Il est bien évident qu’on déplore aujourd’hui cette
désastreuse hémorragie de vestiges monumentaux. Enfermés dans les salles de
musée aussi prestigieux soit-il, leur puissance évocatrice s’en trouve bien
amoindrie.
Mais sur place et malgré un ciel plutôt
chargé, nous avions bien l’intention de prendre tout notre temps pour revoir
Xanthos et peut être y découvrir les traces de ce que les fouilles de la
mission française ont révélé depuis notre précédent passage, en particulier des
soubassements en pierre qui devaient porter des maisons surélevées en bois au 7e
siècle avant notre ère.
Des fragments de bas-reliefs, transportés au musée
d’Antalya, apporteraient aussi la preuve d’une histoire antérieure à la période
de l’occupation perse (de 550 à 334 avant notre ère). Ils auraient une ressemblance avec
les orthostates néo-hittites.
N’oublions pas que l’on prête aux Lyciens une parenté
avec les Lukkas, mentionnés dans les textes hittites comme un peuple rival
contre lequel des expéditions ont été organisées, entre autres, vers la ville
Arnawa et que Xanthos était nommée Arnna en lycien. Troublantes coïncidences
qui restent encore énigmatiques…
La balade se limitera à une rapide reconnaissance des
spectaculaires tombeaux aux formes aussi variées qu’étranges.

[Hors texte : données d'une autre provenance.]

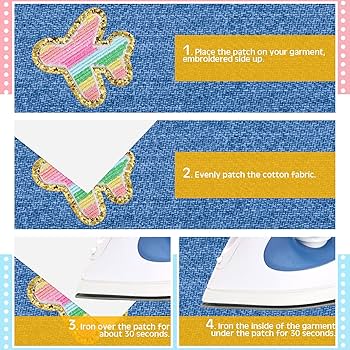 9PCS Self Adhesive Iron On Patches For Girls, Pink Preppy Chenille Decorative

Près du théâtre romain construit au 2e siècle,
le pilier des Harpies, daté de -480 environ et à son côté un sarcophage à
couvercle ogival perché sur pilier.
Non loin de là, une tombe maison sculptée dans la pierre que
l’on suppose directement inspirée du style d’habitat lycien aux structures
géométriques en bois.
De l’autre côté de la route qui partage le site on
découvre la via Decumanus (axe romain est-ouest) dégagée à partir de 2002.

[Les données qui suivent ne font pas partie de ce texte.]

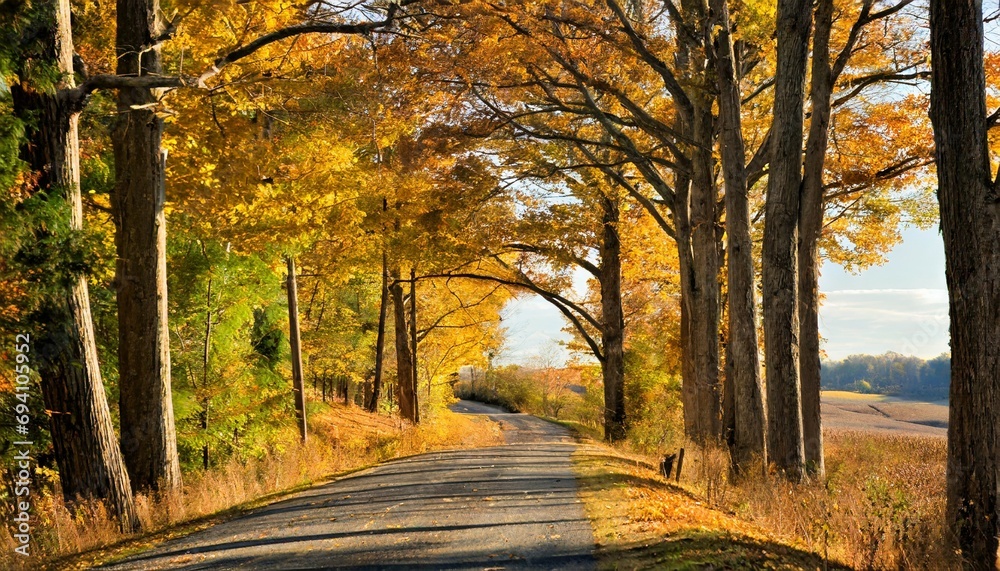 fall trees down a country road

Plus haut dans la colline on peut voir le sarcophage dit
« des danseuses », restauré.
La tombe au bas-relief de lion attaquant un taureau (4e
siècle avant notre ère) et quelques autres sarcophages éparpillés.

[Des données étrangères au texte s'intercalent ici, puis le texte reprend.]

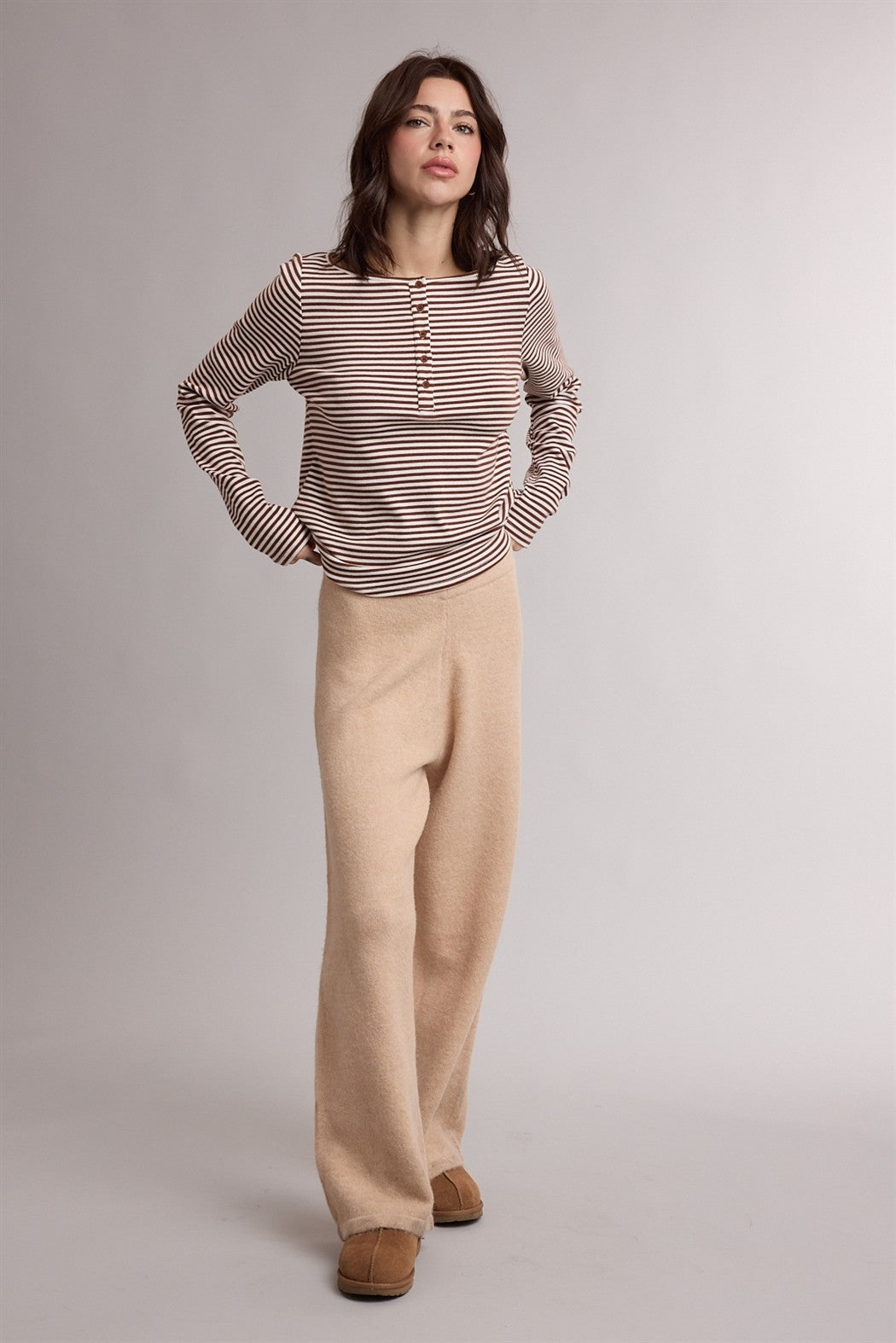 Brown Striped Button Henley Top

Nous n’en verrons pas plus aujourd’hui car la pluie
commence à tomber drue.
Impossible de grimper jusqu’au pilier funéraire se
dressant au sommet, entouré de tombes rupestres. La photo ci-dessous a été
prise en 1992.
Inutile d’espérer avoir d’en haut une vue d’ensemble sur
le site pour repérer les nouvelles zones de fouilles…
Ce sera pour une autre fois quand nous reviendrons voir
le Létoon, centre administratif et cultuel de la Confédération Lycienne, où l'on vénérait Léto,
mère d'Apollon et d'Artémis.
Les conditions atmosphériques sont vraiment trop défavorables
pour aller s’aventurer dans un lieu déjà bien mouillé par la nappe phréatique. Mieux
vaut en garder, pour le moment, le souvenir d’un site magique avec ses colonnes
tronquées se reflétant dans les flaques.